I grew up in Atlanta in an overwhelmingly white suburb and church, but in schools that were roughly 40 percent white and 40 percent black. Because of this, I used to believe I experienced a diverse upbringing. But in reality, it sheltered me just enough that I was in my mid-twenties before I really began to grapple with racism.
I’ve written before about how my coming out five years ago helped me to recognize my white privilege. Coming out flipped a switch for me. The realities of pursuing ordained ministry as an out bisexual woman made me profoundly aware that entrenched systems of bias and discrimination sometimes worked against me, even while they often worked in my favor. I’m not proud that it took recognizing my own experiences of oppression to also recognize my privilege, but I responded to both by becoming a committed activist.
As I have advocated for justice for LGBTQ people, I have also sought to work for racial justice. In seeking to be a race ally, I have learned that I have to first recognize the insidiousness of white supremacy in our culture, and begin to acknowledge all of the ways I have benefitted from it and perpetuated it, even if unintentionally. And then, having begun to wrestle with the enormity of these realities, I have to actively work against them — learning more about racial justice, uplifting the voices of people of color, and calling out racism and white supremacy where I encounter it.
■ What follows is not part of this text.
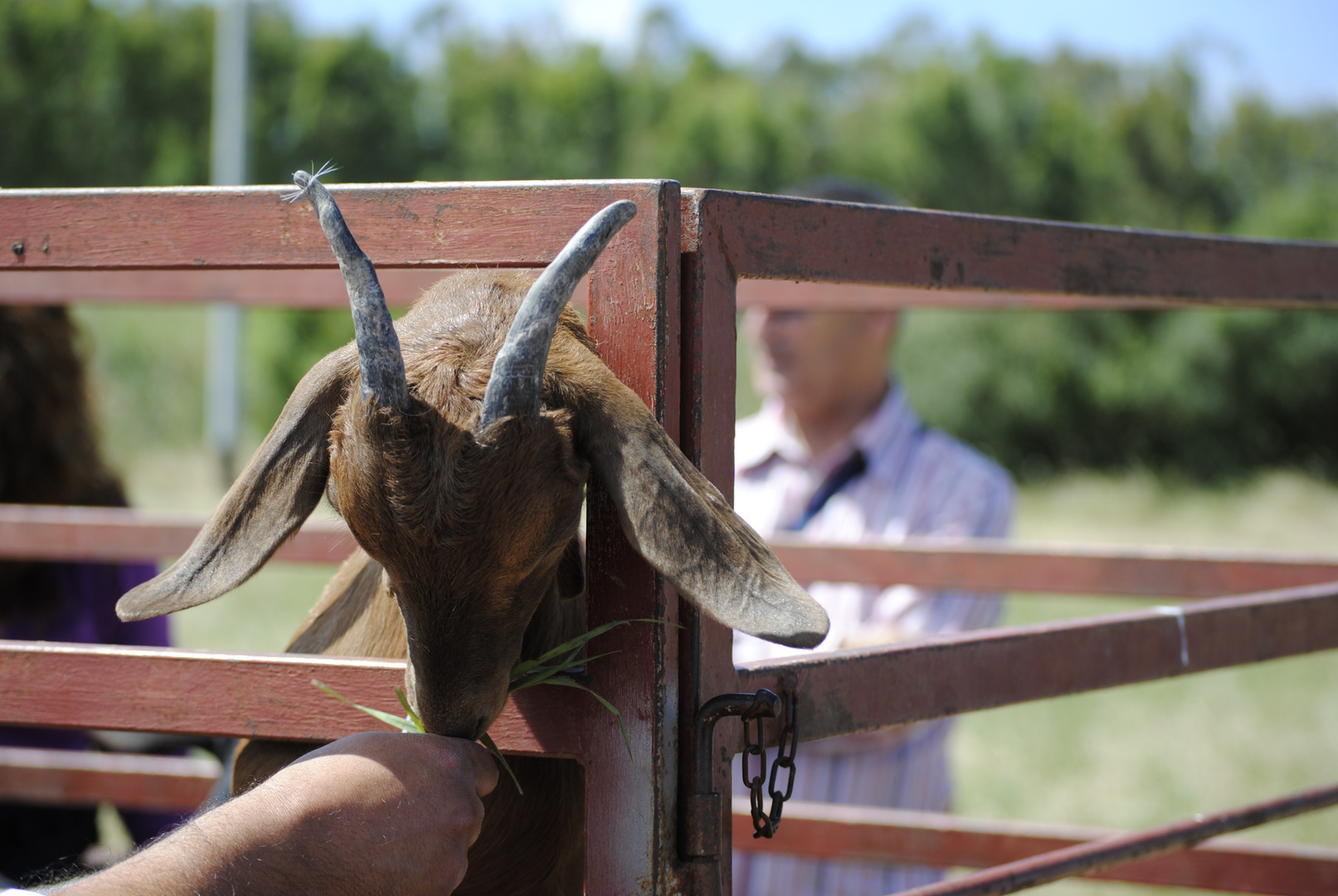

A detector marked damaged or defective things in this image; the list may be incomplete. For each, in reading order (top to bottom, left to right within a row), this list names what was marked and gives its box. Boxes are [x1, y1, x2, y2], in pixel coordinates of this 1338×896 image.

rusty metal frame [2, 184, 1338, 896]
Even now, after years of actively educating myself about racism and seeking to dismantle my own privilege, I find that the part of allyship I struggle with most is the fear of failure. The more I learn about racism and white privilege, the more overwhelmed I am by all the ways I have messed up, and all the ways I could still mess up. I am petrified of making things worse in my attempt to make them better, and so often my first response to racial injustice when I encounter it is to freeze and stand on the sidelines, hoping someone else does the work.
This fear of failing as an ally, and the inability to act that comes as a result, is not unusual. In fact, I’d argue it’s a common part of the process of becoming an ally. In some ways, it’s a healthy fear — it keeps the “white savior” impulse in check. But left unchallenged, fear of failure can be just as destructive to the movement for racial justice as outright racism: The one clear and certain way to fail at being an ally is to do nothing at all.
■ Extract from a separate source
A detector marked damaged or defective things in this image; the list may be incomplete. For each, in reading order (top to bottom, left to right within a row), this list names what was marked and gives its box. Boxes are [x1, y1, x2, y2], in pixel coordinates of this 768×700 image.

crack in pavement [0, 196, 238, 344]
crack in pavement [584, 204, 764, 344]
On some level, the fear of messing up as an ally stems from a desire to avoid hurting others. When we finally begin to recognize how terrible the problem of racism is, the last thing we want to do is be a part of that problem. But on another level, even this well-meaning thought process continues to place ourselves at the center, instead of the people with whom we are seeking to be allies. Being committed to justice means working for a better world — even when that work requires allies to step back and support people of color and others who are marginalized as they lead the way.
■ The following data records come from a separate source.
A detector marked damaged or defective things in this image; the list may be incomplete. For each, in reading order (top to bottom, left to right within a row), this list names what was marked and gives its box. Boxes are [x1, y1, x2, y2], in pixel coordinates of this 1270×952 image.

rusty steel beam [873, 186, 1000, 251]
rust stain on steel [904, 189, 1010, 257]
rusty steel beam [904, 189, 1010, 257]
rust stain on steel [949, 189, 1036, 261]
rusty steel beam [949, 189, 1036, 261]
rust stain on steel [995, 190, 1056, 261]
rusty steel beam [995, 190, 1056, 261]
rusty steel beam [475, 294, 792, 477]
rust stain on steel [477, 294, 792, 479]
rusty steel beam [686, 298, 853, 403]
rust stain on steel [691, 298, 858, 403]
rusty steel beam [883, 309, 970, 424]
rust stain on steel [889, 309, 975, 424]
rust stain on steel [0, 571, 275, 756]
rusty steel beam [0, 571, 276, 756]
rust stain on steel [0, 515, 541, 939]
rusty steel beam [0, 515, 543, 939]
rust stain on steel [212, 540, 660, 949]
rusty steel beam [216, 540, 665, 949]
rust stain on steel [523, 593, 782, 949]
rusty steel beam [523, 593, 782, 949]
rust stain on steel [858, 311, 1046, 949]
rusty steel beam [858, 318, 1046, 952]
Our place as supporters is to educate ourselves and other allies. Our role is to call out racism wherever we encounter it — even and especially when perpetuated by people we care about. Our goal is to center to the stories, voices, and experiences of people of color, and to follow their lead.
The reality of our privilege is that it makes many truths of systemic injustice unclear to us. We fumble around with murky awareness and bump into our own ingrained racism and ignorance. As allies, the question for us is not if we will screw up, but how we will move forward when we inevitably do.
Here is a process I have learned for myself:
If I want to act but I’m worried about getting it wrong, I check in with another ally or several to see what they think. I try to find existing resources from people of color that will help me understand how I should act. (This is different, by the way, than asking a person of color to make time to educate me).
Often, if it turns out that my strategy was misguided, I can feel defensive and declare that I want to give up. If that happens, I keep those feelings to myself or process them with another ally. I work to move past my defensiveness and give thanks that what I’ve learned has better prepared to be an effective ally.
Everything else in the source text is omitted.